Practice/Databricks/Design a Job Scheduler
Design a Job Scheduler
System DesignMust
Problem Statement
Design a large-scale distributed task scheduling system capable of executing over 10,000 jobs per second. The system must support both one-time scheduled tasks (using cron-like expressions) and immediate ad-hoc execution. Jobs should include sophisticated retry logic with exponential backoff, configurable timeout policies, and detailed execution tracking. The system needs to maintain a complete audit trail of all job executions for regulatory compliance, storing execution history for at least one year while remaining queryable for debugging and analytics.
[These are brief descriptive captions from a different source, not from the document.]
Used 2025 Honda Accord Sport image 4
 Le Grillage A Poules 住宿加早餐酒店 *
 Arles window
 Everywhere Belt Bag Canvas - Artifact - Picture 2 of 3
This problem tests your ability to build a resilient distributed system that handles high write throughput, manages worker capacity dynamically, and provides strong delivery guarantees. Consider how you would prevent duplicate execution during failures, handle thundering herd problems when thousands of jobs trigger simultaneously at the top of each minute, and architect for both high availability and horizontal scalability as job volume grows.
Key Requirements
Functional
- Job Definition and Registration -- Users must be able to define jobs with cron schedules, one-time future execution, or immediate trigger, along with payload data and execution parameters
- Retry and Timeout Configuration -- Each job should support configurable retry attempts, exponential backoff strategies, maximum execution timeouts, and dead-letter handling for permanent failures
- Execution History and Observability -- The system must track every execution attempt with timestamps, status transitions, error messages, and execution logs, queryable for up to one year
- Concurrency Controls -- Support per-job concurrency limits to prevent resource exhaustion and allow serial execution when order matters
Non-Functional
- Scalability -- Handle 10,000+ job executions per second with headroom for peak traffic spikes at schedule boundaries
- Reliability -- Guarantee at-least-once execution semantics with no lost jobs even during infrastructure failures or deployments
- Latency -- Trigger scheduled jobs within 1-2 seconds of their target time under normal load; ad-hoc jobs should start within 500ms
- Consistency -- Maintain strong consistency for job metadata and eventual consistency for execution history, with no duplicate executions for the same scheduled instance
What Interviewers Focus On
Based on real interview experiences, these are the areas interviewers probe most deeply:
1. Separation of Scheduling and Execution Planes
Interviewers want to see you architect separate components for determining when jobs should run versus actually executing them. Mixing these concerns creates scaling bottlenecks and makes failure isolation impossible.
Hints to consider:
- Use a time-based priority queue or sorted set structure to maintain jobs ordered by their next execution time
- Design worker pools that pull ready jobs rather than having a central dispatcher push work
- Consider how scheduler components discover and coordinate without creating single points of failure
- Think about how to partition scheduling responsibility across multiple scheduler instances using consistent hashing or range sharding
2. Handling Time-Based Traffic Spikes
Cron-based workloads create massive spikes at minute and hour boundaries when thousands of jobs become eligible simultaneously. Interviewers expect you to design for this predictable burst pattern.
Hints to consider:
- Implement jitter in job promotion to spread identical cron schedules across a 5-10 second window
- Use backpressure mechanisms like queue depth monitoring to prevent overwhelming downstream workers
- Design a staged queue architecture with rate-limiting between stages to smooth traffic
- Consider pre-computing and sharding upcoming jobs across multiple promotion workers before the spike hits
3. Delivery Guarantees and Idempotency
The system must handle crashes, network partitions, and timeouts without losing or duplicating work. Interviewers probe deeply on how you achieve reliable execution semantics.
Hints to consider:
- Use visibility timeouts or lease-based patterns where jobs become visible again if not completed within the timeout window
- Generate unique execution IDs combining job ID, scheduled timestamp, and attempt number for deduplication
- Design job handlers to be idempotent or provide deduplication keys that workers can check before execution
- Implement heartbeat mechanisms for long-running jobs to extend their lease and prevent premature re-execution
4. Long-Term History Storage and Queryability
Storing execution records for every job over a year at 10k/sec creates billions of records. Interviewers want to see you reason about hot versus cold storage tiers and query patterns.
Hints to consider:
- Partition history by time buckets (daily or monthly) and job ID to enable efficient range queries
- Use a hot tier (database) for recent history (30-90 days) and cold tier (object storage) for older data with different query latency SLAs
- Design secondary indexes carefully for common query patterns like "find all failed executions for job X in the last week"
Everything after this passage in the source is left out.